→ **BRIEF**
From the records below, print only the part that opens with the line containing "Alright, so this" and closes with the line containing "The first topic"; omit the pictures.

RECORDED INFORMATION Start Marker

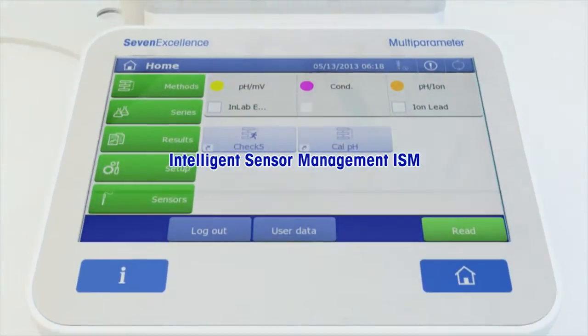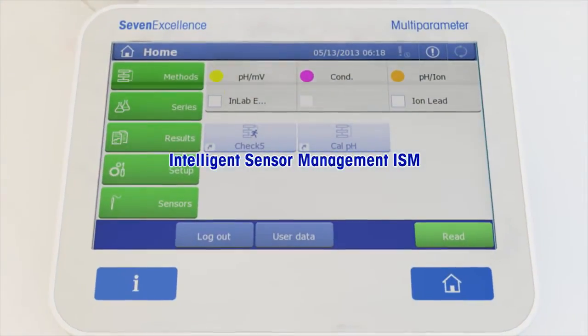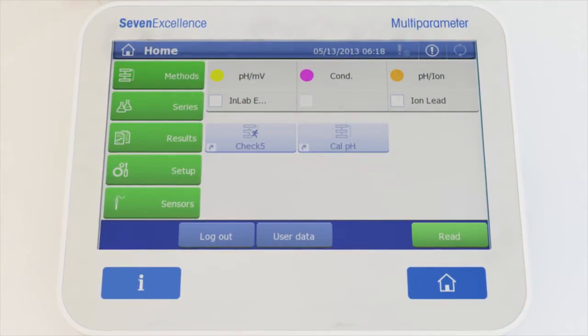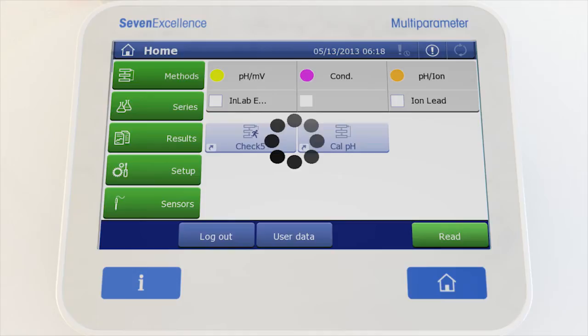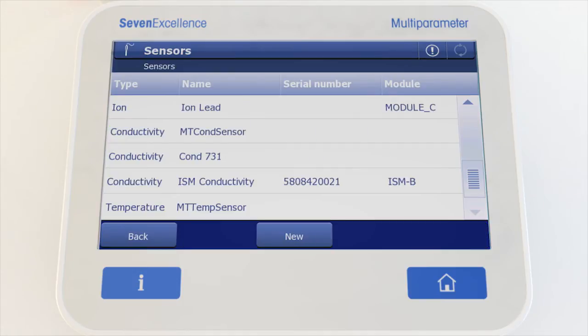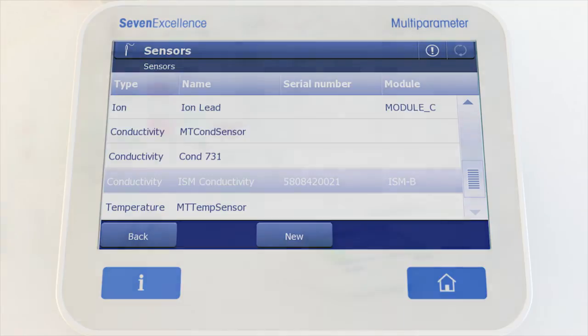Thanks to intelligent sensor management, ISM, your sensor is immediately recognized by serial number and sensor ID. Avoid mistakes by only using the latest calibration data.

RECORDED INFORMATION End Marker
RECORDED INFORMATION Start Marker

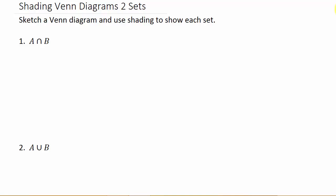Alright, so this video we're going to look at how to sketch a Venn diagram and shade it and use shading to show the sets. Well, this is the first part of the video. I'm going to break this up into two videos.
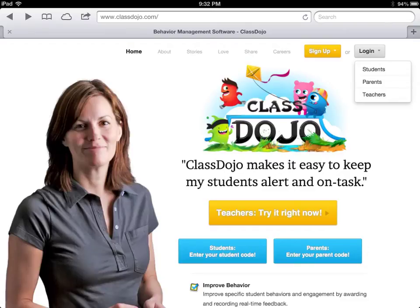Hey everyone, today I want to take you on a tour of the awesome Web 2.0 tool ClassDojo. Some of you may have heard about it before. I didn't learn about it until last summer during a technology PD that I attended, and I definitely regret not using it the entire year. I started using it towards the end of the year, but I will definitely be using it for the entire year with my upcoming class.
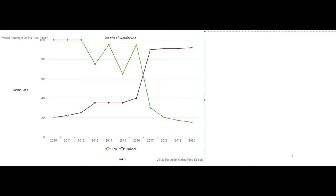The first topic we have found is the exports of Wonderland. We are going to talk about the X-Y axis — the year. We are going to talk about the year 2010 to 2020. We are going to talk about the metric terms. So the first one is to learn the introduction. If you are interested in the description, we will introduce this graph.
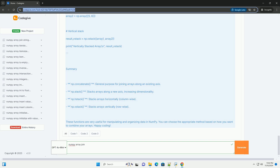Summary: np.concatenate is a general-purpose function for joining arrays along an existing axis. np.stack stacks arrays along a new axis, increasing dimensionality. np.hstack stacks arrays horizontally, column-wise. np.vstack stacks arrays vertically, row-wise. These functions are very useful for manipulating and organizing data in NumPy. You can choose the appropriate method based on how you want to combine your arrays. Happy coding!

RECORDED INFORMATION End Marker

→ **RESPONSE TO THE EXERCISE**
Alright, so this video we're going to look at how to sketch a Venn diagram and shade it and use shading to show the sets. Well, this is the first part of the video. I'm going to break this up into two videos.
Hey everyone, today I want to take you on a tour of the awesome Web 2.0 tool ClassDojo. Some of you may have heard about it before. I didn't learn about it until last summer during a technology PD that I attended, and I definitely regret not using it the entire year. I started using it towards the end of the year, but I will definitely be using it for the entire year with my upcoming class.
The first topic we have found is the exports of Wonderland. We are going to talk about the X-Y axis — the year. We are going to talk about the year 2010 to 2020. We are going to talk about the metric terms. So the first one is to learn the introduction. If you are interested in the description, we will introduce this graph.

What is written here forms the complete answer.